CircRNA and ferroptosis

CircRNAs participate in the ferroptosis process of tumor cells through the competitive endogenous RNA (ceRNA) pathway. For example, CircABCB10 inhibits ferroptosis and apoptosis of rectal cancer cells by regulating the miR-326/CCL5 axis, providing a potential therapeutic target for the treatment of rectal cancer [138]. CircIL4R acts as a miR-541–3p sponge to regulate its target gene Gpx4; thus, circIL4R acts as a tumor promoter and ferroptosis inhibitor in liver cancer through the miR-541–3p/Gpx4 network [139]. Circ-TTBK2 uses sponge miR-761 to target ITGB8 to regulate the proliferation, invasion, and ferroptosis of glioma cells, providing a promising biomarker for the clinical treatment of human glioma [140]. The circular RNA clARS regulates the ferroptosis of HCC through the binding protein ALKBH5 [141]. To date, there have been only a few studies on circRNA in ferroptosis, which is an emerging field that needs to be further explored (Table 3).

Table 3.

circRNA associated with ferroptosis.

circRNA	Target	Mechanisms of action	Function	Reference
CircABCB10	miR-326/CCL5	CircABCB10 silence promoted ferroptosis by regulating the miR-326/CCL5 axis	Promote	[138]
CircIL4R	miR-541–3p/Gpx4	circIL4R served for ferroptosis inhibitor by the miR-541–3p/GPX4 network	Suppress	[139]
Circ-TTBK2	miR-761/ITGB8	Circ-TTBK2 regulated cell ferroptosis via targeting ITGB8 by sponging miR-761	Suppress	[140]
Circ clARS	ALKBH5	Circ cIARS positively regulating sorafenib-induced ferroptosis through suppressing the ALKBH5-mediated autophagy inhibition	Promote	[141]

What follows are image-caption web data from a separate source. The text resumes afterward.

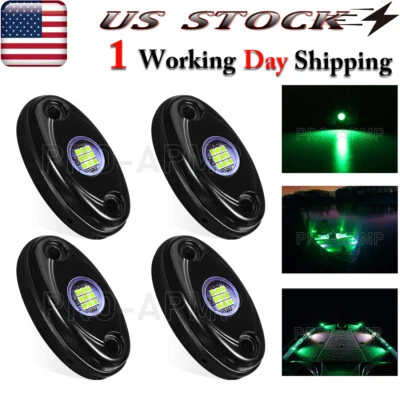4x Luces LED subacuáticas verdes marinas para barco cubierta popa luz de popa Foto 1 de 4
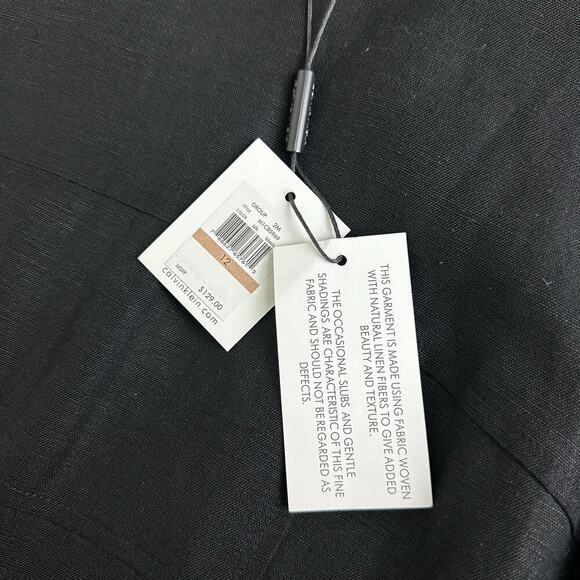 Calvin Klein Little Black Linen Blend Dress Sheath Sz 12 NEW New Years Party - Picture 5 of 10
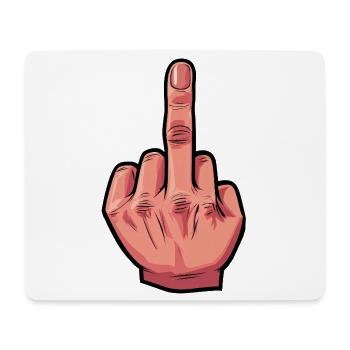 Stinkefinger Illustration - Mousepad (Querformat) - Weiß - Vorne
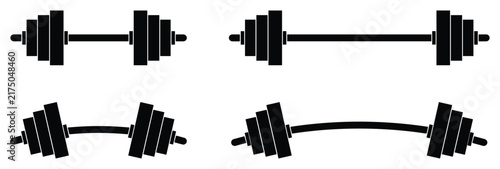 Four weightlifting barbells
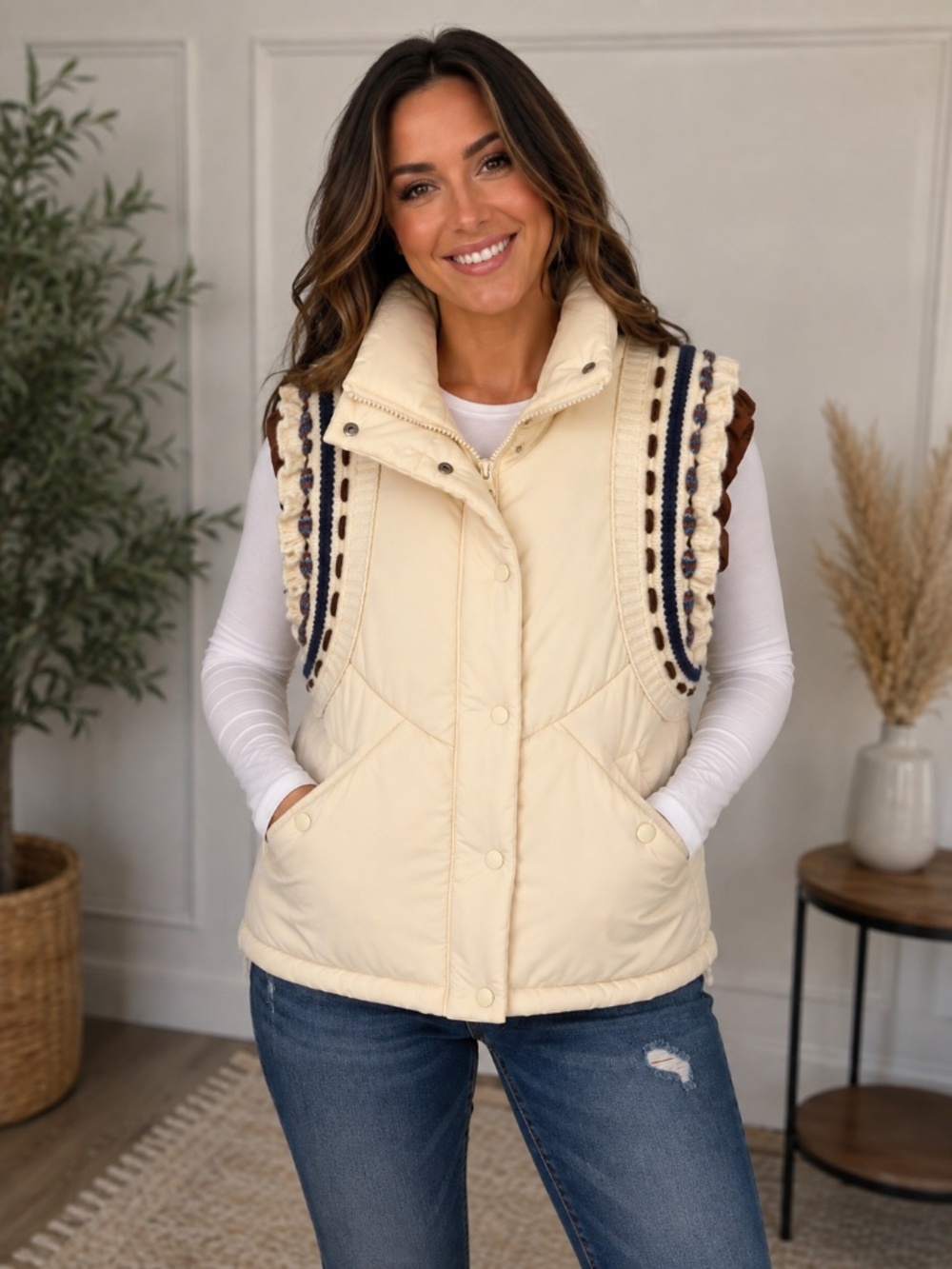 Elizabeth Embroidered Puffer Vest by Heyson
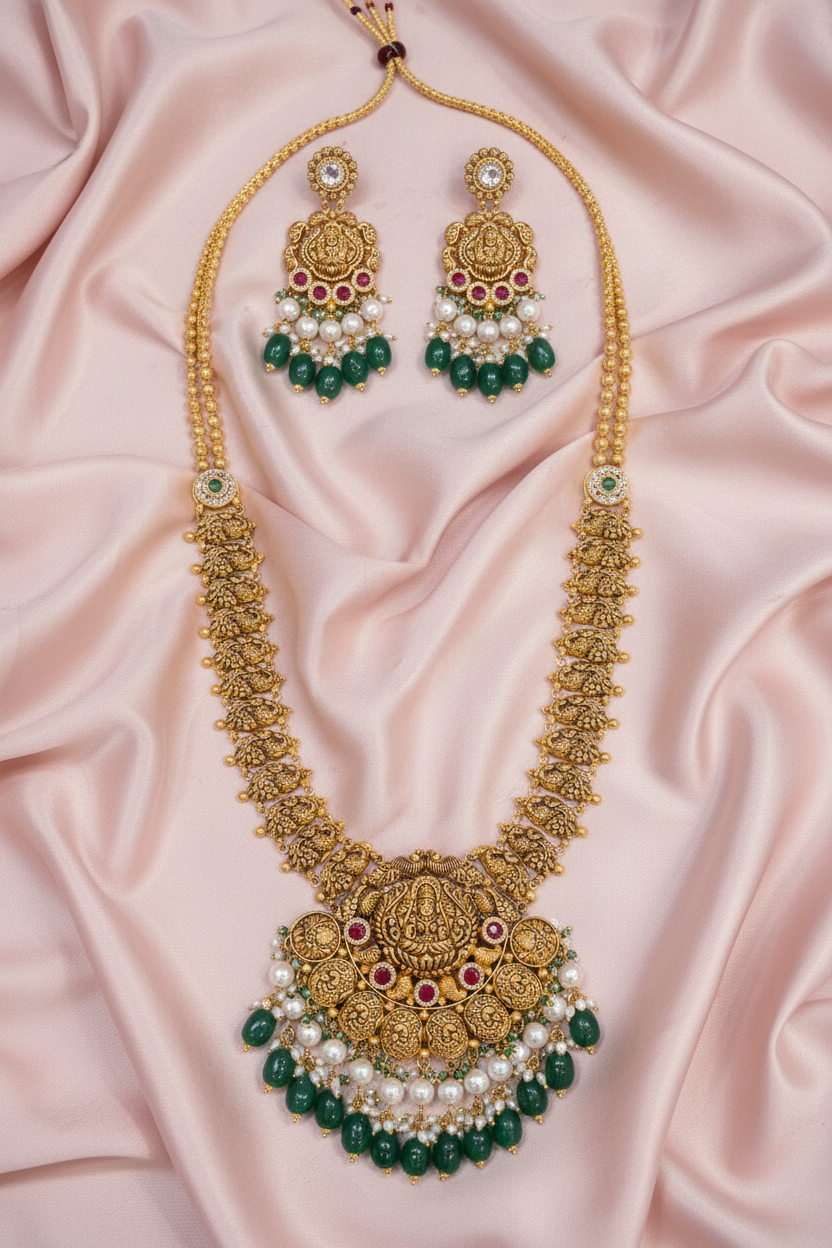 Lakshmi Elephant Temple Necklace on Pink Satin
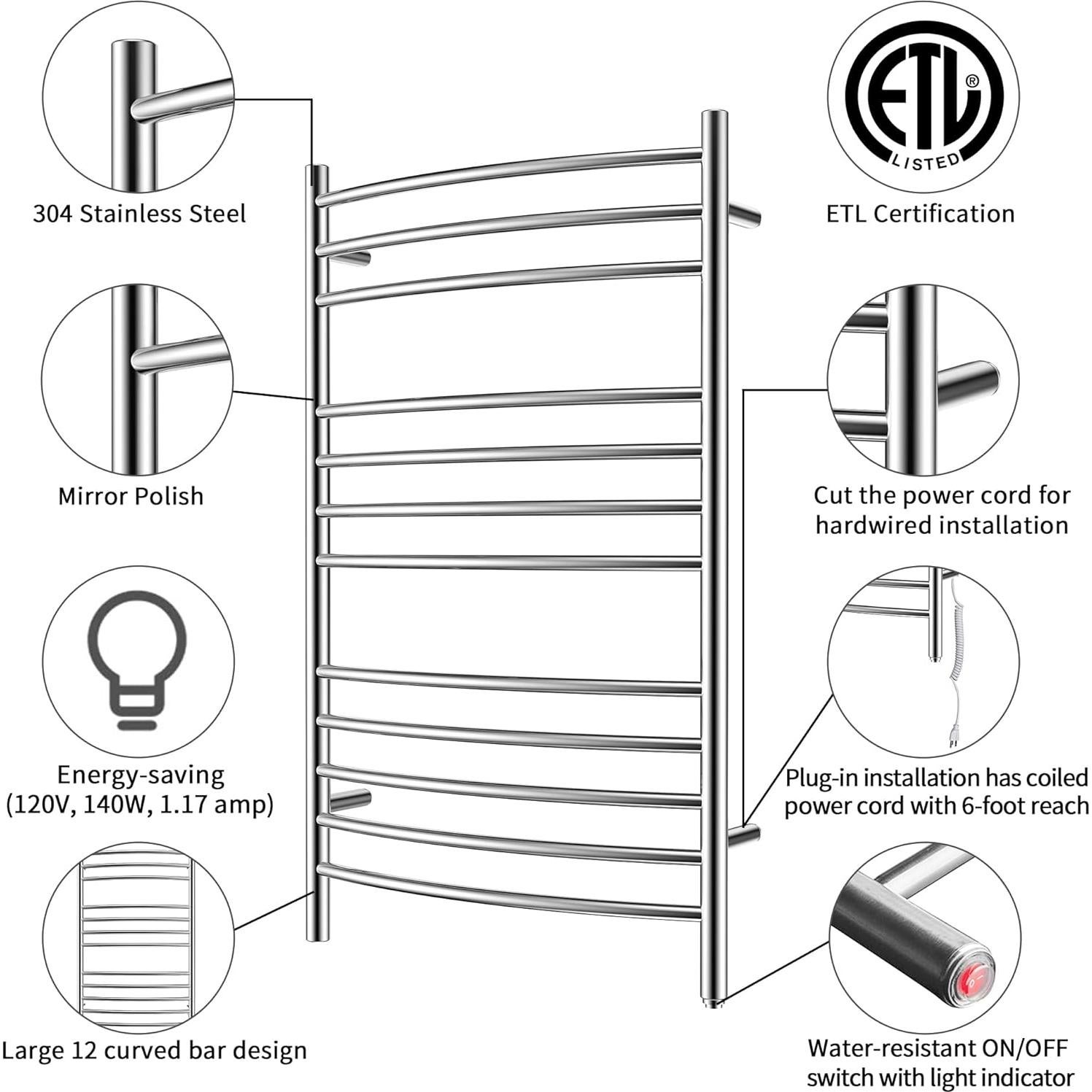 Calentador de Toallas HEATGENE Montaje en Pared 12 Barras 140W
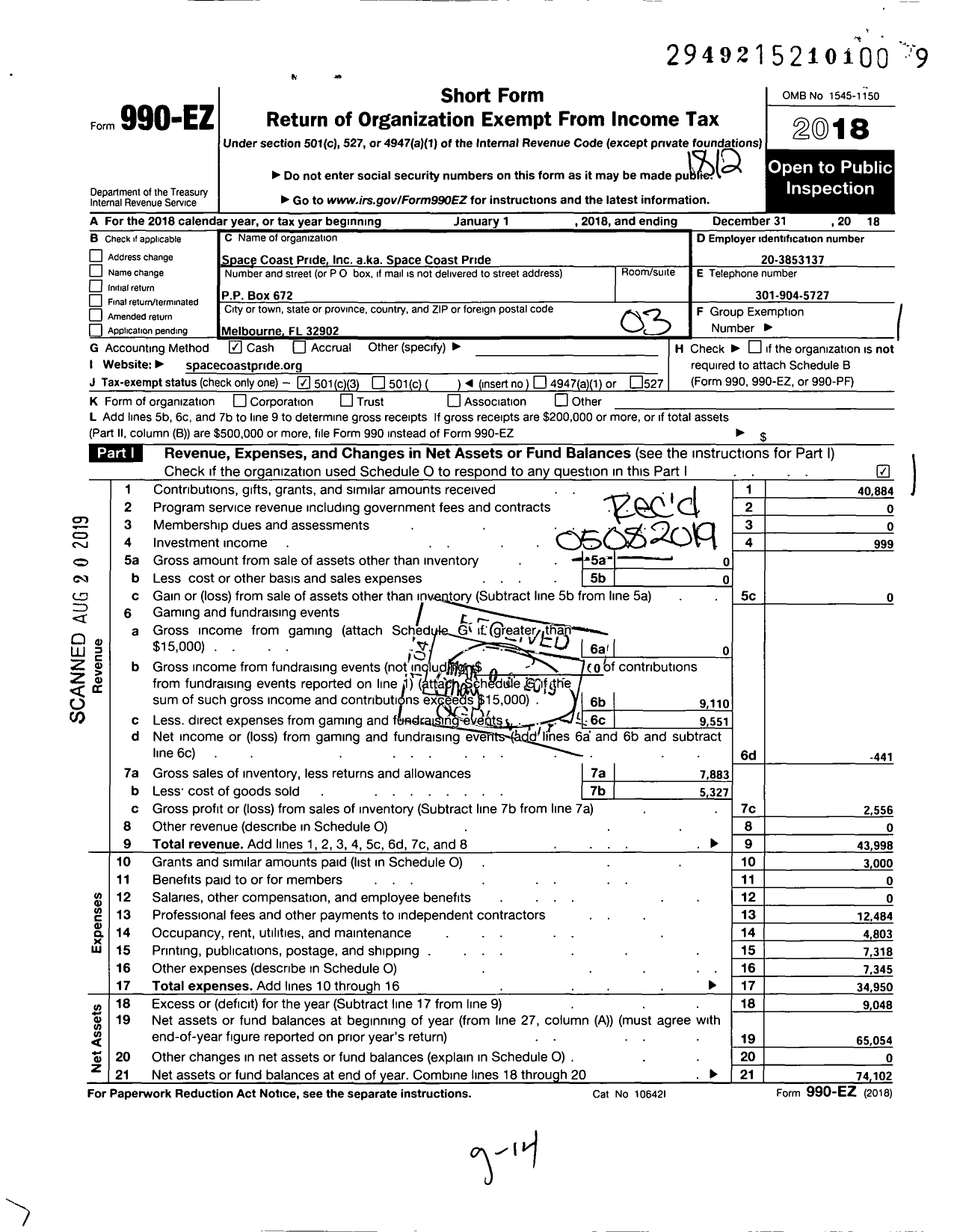 Image of first page of 2018 Form 990EZ for Space Coast Pride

In recent years, researchers have detected some ncRNAs associated with ferroptosis in tumor cells. However, the specific mechanism has not been discussed yet, and there are still many obstacles in the clinical treatment of ferroptosis dependent on ncRNAs. The information summarized in our paper is not enough to support the application of ferroptosis inducers in cancer, more ncRNAs identification and further studies are needed. Downstream molecules regulated by ncRNAs, P53, HSPB1, NRF2, and NOX2, key regulators of ferroptosis, are also involved in the regulation of other cell death types [65], suggesting that ferroptosis and other types of cell death are independent and related. Further exploration of the interregulation of various types of cell death can provide insights into the role of regulatory cell death in cancer. Although it has been reported in the artical, ncRNAs may become markers to filter cancer patients who are fit for ferroptosis therapy and become therapeutic targets of ferroptosis inducers [142], there is no mature technique for ncRNA-mediated tumor therapy. To further understand the factors influencing the direction of ferroptosis regulated by these molecules, fully exert the upstream regulatory role of ncRNA in the signaling pathway, promote the pathway of ncRNA promoting ferroptosis in tumor cells, and inhibit its negative regulation of ferroptosis.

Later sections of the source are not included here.